War is long periods of boredom, punctuated by moments of sheer terror.
The third battle of the campaign was a lesson in patience for me, and a reminder about what I aim to do with this project.
Tactically, there was not a lot going on. The American force from the last battle had crossed the canal and set up a hasty defensive screen in a wide arc on the north side of the bridgehead. Exhausted, and with barely more than a platoon of heavy armor left, they did not have sufficient strength to continue the offensive. Their job was simply to hold the bridgehead so that fresh units, advancing from the rear, could continue the assault.
The Soviets were not in a position to take decisive offensive action either. They rushed in infantry from the flanks to hem in the Americans, and had only one (not very good) tank company nearby. Heavier reinforcements would have to wait. The Soviets had a small local force superiority, but nowhere near enough to contemplate a counter-attack to push the Americans back over the canal.
My gaming partner this day was Trey, who chose to play the Soviets. He’s a skilled gamer, well-versed in things military, and (perhaps more than anyone else I know) understands my project. His intention was to use the forces at his disposal as an actual Russian commander might, rather than throw everything at me as a normal gamer would. To that end, Trey devised a plan whereby the Soviets probed my defensive screen, hoping to draw the Americans into an ill-considered attack.

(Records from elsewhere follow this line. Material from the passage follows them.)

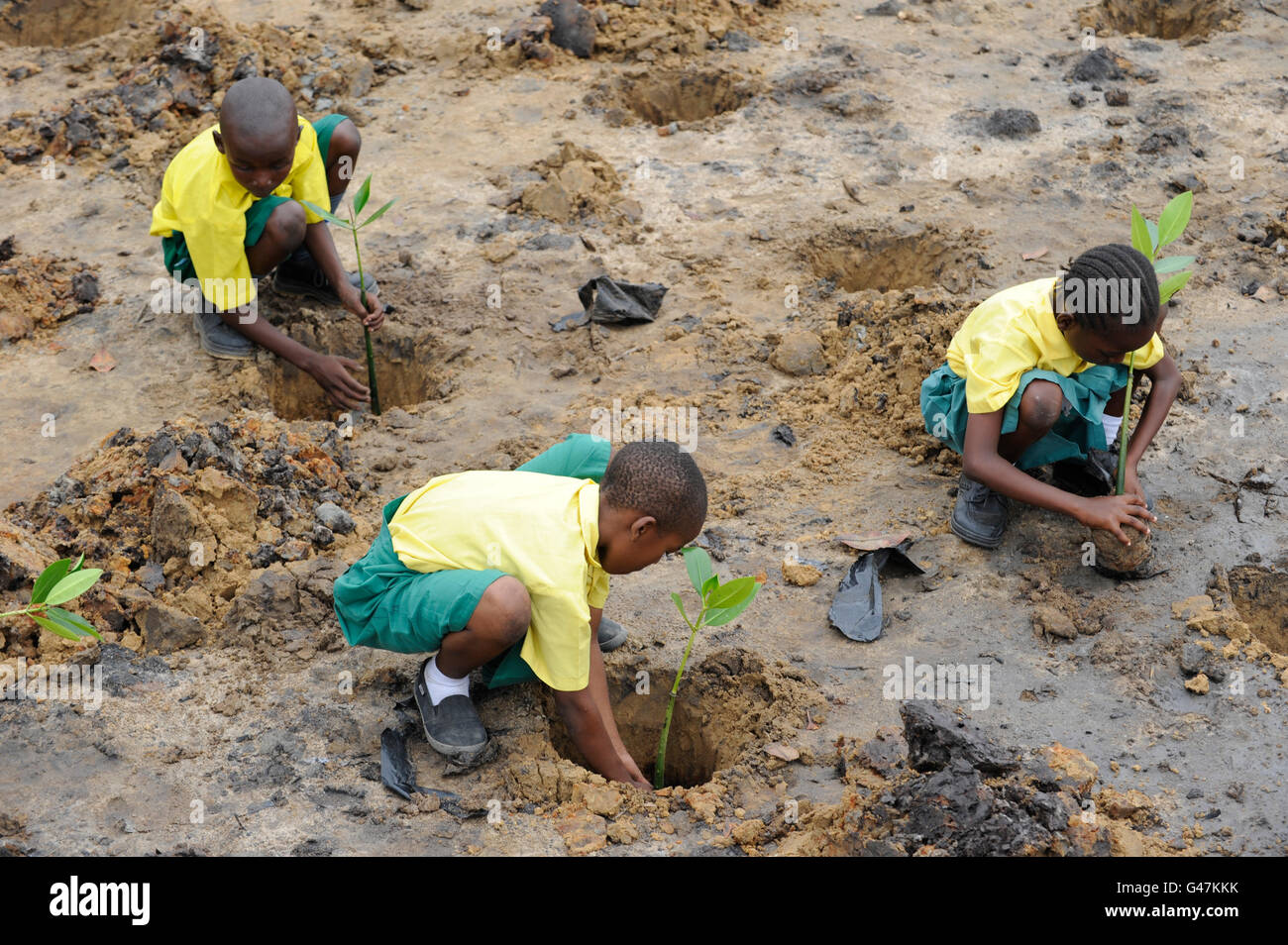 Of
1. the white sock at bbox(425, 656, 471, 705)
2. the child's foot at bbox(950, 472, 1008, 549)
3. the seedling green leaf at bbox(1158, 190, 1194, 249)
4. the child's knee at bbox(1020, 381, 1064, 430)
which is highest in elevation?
the seedling green leaf at bbox(1158, 190, 1194, 249)

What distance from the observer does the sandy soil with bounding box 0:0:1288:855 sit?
8.55ft

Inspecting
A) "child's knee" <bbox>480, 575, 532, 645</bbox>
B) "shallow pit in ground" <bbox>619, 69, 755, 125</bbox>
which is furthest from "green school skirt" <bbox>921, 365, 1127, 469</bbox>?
"shallow pit in ground" <bbox>619, 69, 755, 125</bbox>

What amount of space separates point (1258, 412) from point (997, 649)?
1519 mm

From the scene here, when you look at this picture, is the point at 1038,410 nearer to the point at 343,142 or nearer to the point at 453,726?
the point at 453,726

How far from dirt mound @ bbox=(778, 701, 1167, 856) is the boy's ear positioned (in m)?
0.71

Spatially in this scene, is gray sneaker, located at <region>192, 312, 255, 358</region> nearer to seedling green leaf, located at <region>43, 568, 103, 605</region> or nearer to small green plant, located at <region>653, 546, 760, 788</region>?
seedling green leaf, located at <region>43, 568, 103, 605</region>

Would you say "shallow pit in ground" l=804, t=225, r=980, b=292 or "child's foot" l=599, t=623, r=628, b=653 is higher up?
"shallow pit in ground" l=804, t=225, r=980, b=292

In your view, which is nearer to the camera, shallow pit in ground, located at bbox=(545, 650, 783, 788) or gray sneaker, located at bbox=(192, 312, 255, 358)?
shallow pit in ground, located at bbox=(545, 650, 783, 788)

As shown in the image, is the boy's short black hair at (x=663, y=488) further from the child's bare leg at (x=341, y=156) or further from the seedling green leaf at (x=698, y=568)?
the child's bare leg at (x=341, y=156)

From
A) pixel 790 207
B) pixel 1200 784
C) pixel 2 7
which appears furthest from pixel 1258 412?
pixel 2 7

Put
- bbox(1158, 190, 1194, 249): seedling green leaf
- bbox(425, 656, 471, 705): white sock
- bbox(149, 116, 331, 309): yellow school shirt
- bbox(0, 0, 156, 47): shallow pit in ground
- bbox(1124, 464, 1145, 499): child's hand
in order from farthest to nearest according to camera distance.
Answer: bbox(0, 0, 156, 47): shallow pit in ground, bbox(149, 116, 331, 309): yellow school shirt, bbox(1124, 464, 1145, 499): child's hand, bbox(1158, 190, 1194, 249): seedling green leaf, bbox(425, 656, 471, 705): white sock

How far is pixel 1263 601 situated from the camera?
3.23m

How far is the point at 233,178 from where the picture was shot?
423 cm

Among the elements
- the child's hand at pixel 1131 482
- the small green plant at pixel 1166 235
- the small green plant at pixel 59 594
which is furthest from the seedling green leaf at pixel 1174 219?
the small green plant at pixel 59 594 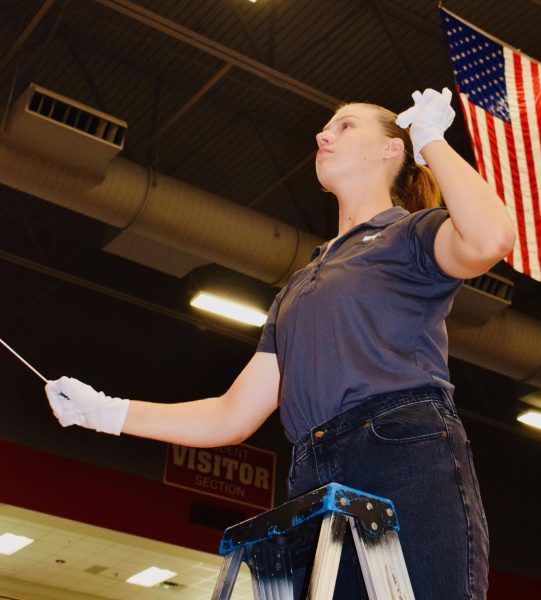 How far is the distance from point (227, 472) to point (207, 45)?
19.4ft

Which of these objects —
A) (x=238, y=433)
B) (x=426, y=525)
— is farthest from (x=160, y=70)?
(x=426, y=525)

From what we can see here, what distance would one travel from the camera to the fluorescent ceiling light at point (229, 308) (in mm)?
9797

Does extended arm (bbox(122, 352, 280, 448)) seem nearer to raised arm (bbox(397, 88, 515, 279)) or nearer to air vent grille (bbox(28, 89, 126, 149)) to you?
raised arm (bbox(397, 88, 515, 279))

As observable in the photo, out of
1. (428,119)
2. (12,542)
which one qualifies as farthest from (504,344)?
(428,119)

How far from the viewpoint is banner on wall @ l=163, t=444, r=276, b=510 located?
11.3m

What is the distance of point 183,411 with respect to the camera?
203 cm

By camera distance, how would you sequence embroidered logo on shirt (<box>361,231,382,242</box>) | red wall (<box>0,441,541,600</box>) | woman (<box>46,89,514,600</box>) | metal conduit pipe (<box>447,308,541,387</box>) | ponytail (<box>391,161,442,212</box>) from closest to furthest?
1. woman (<box>46,89,514,600</box>)
2. embroidered logo on shirt (<box>361,231,382,242</box>)
3. ponytail (<box>391,161,442,212</box>)
4. metal conduit pipe (<box>447,308,541,387</box>)
5. red wall (<box>0,441,541,600</box>)

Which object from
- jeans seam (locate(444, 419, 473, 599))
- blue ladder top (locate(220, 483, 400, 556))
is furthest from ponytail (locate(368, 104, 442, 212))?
blue ladder top (locate(220, 483, 400, 556))

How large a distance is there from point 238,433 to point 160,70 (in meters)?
7.44

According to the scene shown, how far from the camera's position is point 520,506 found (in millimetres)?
13547

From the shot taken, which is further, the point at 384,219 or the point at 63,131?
the point at 63,131

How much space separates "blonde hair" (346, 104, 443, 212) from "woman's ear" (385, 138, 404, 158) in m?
0.02

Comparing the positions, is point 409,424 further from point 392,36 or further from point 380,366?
point 392,36

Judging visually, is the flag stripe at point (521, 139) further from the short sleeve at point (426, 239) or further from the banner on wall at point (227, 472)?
the banner on wall at point (227, 472) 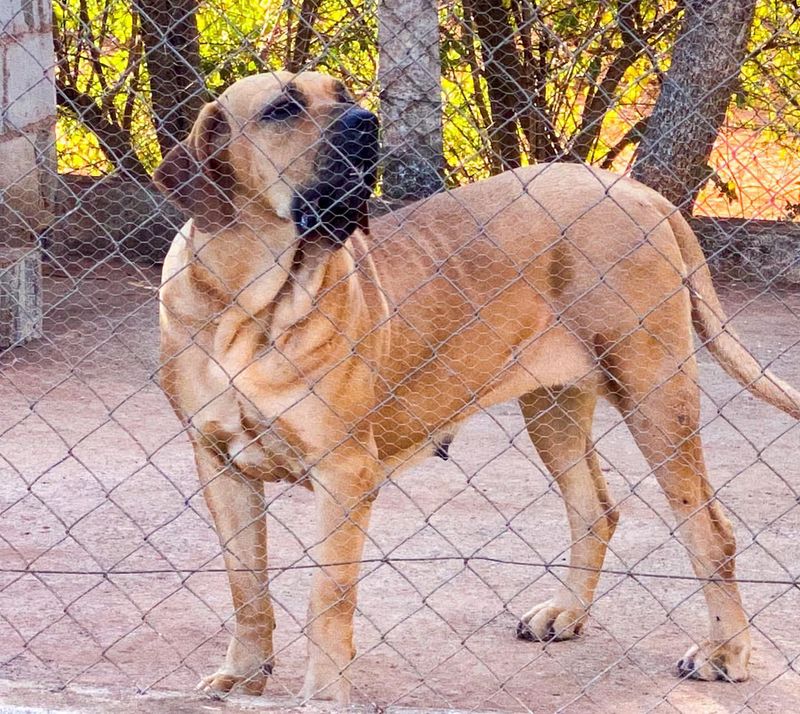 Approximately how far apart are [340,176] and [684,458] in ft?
3.93

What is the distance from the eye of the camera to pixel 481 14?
7969mm

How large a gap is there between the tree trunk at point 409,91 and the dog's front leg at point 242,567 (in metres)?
3.37

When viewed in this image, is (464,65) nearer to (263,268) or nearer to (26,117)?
(26,117)

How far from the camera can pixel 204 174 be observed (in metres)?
2.96

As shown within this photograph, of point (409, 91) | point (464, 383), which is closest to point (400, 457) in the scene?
point (464, 383)

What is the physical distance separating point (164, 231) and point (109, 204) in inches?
14.5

In real life that’s perfectly realistic. Uncertainty is a huge factor in the battlefield experience. But there is no fog of war in most tabletop wargames. The players can see where all the tanks and whatnot are on the map. But the fictional commanders, drivers, gunners and artillery observers represented on the table can’t see all that’s going on.
The disjunction between what players know and what the fictional characters in a game know is central to role-playing games and most players understand and honor that dynamic. Separating player from character knowledge is important, and leads to a richer gaming experience. This is usually perceived as irrelevant in a wargame, where the objective is to win, not to play a character.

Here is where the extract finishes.